# Dynamics question

## Homework Statement

a mass z is held on an incline plane with mass P. when the the masses are released, both objects begin to move and accelerate. find accell of the incline plane

GIVEN: z,P,angle A, surfaces are frictionless

solve in terms of these variables.

f=ma

## The Attempt at a Solution

i chose my positive x direction along the ground surface below the incline plane, toward the direction of its motion.
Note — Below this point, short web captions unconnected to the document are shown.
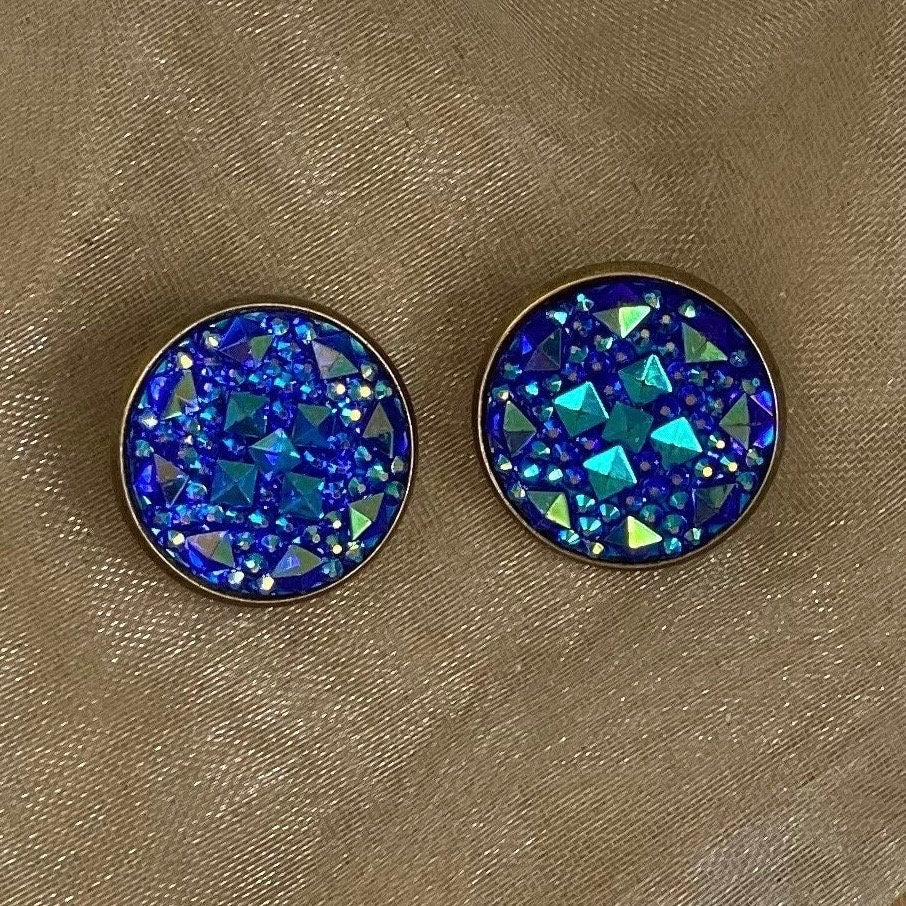 Round Rhinestone Clip-On Earrings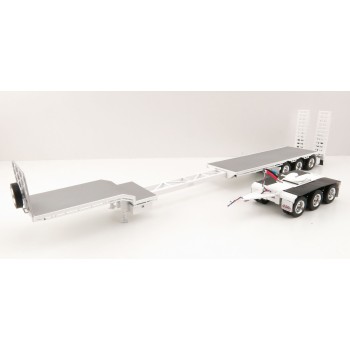 Iconic Replicas - Custom Transport Equipment CTE 45' Extendable Drop Deck Trailer with 3axle Dolly White - Scale 1:50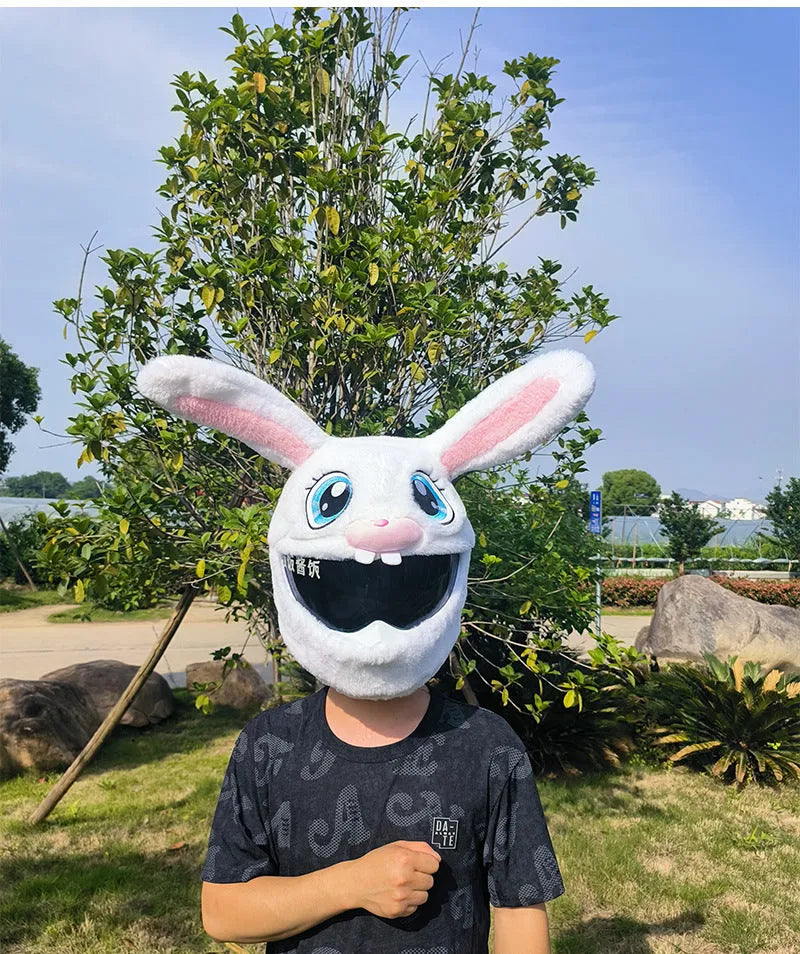 White rabbit head decorative cover for motorcycle helmet with long ears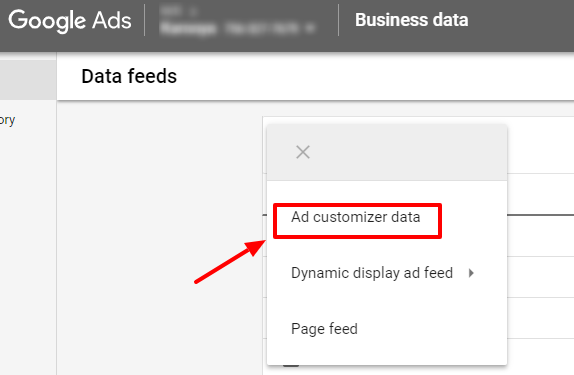 add ad customizer data
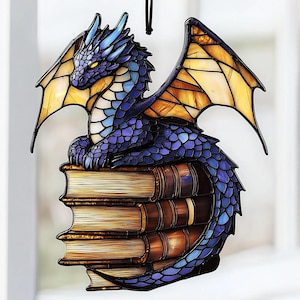 Book Dragon Suncatcher Ornament, Fantasy Dragon Acrylic Window Hanging, Dragon Wall Window Hanging Art Decoration, Bookish Home Decor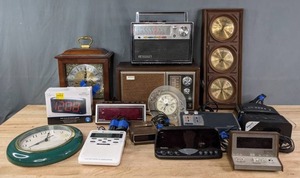 lot 289 image: Vintage Sony Radio, Broadmoor, Mantle Clock, Wall Clock, Sony Alarm Clock, Spartus Snoozer Alarm Set, Digital Alarm Clock, Midland Digital Weather Radio and More R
so first i solved for the small mass on top the normal force, which is the force which applied onto the incline plane by the small mass.

fnety=0=FNcosA - zg
FN= zg/cosA

now when i do the FBD of the incline plane the forces acting on it, are the normal (FN) which gives it an unbalanced force in the +X direction.

so i get the expression

fnetx= (z+P)a=FNsinA

subbing in the FN,i get

a= zgtanA/(z+P)

is this correct? if not can you tell me where i am going wrong.

Last edited:

nasu
Gold Member
The small mass accelerates along the y direction. So Fnet is not zero along this direction.

Ahh I see..
Fnety=zg=FN-zgcosA
FN=2zg/cosA

Ans; 2zgtanA/(z+P)

nasu
Gold Member
The vertical acceleration of the small object is not g. It's not falling freely.

The vertical acceleration of the small object is not g. It's not falling freely.

would it make it more simple if i chose a different frame of reference.

nasu
Gold Member
You could work in the non-inertial frame of the moving inclined plane. But I am not sure it makes simpler. Depends how it is easier to visualize for you. In the inertial frame attached to the ground or in the moving frame.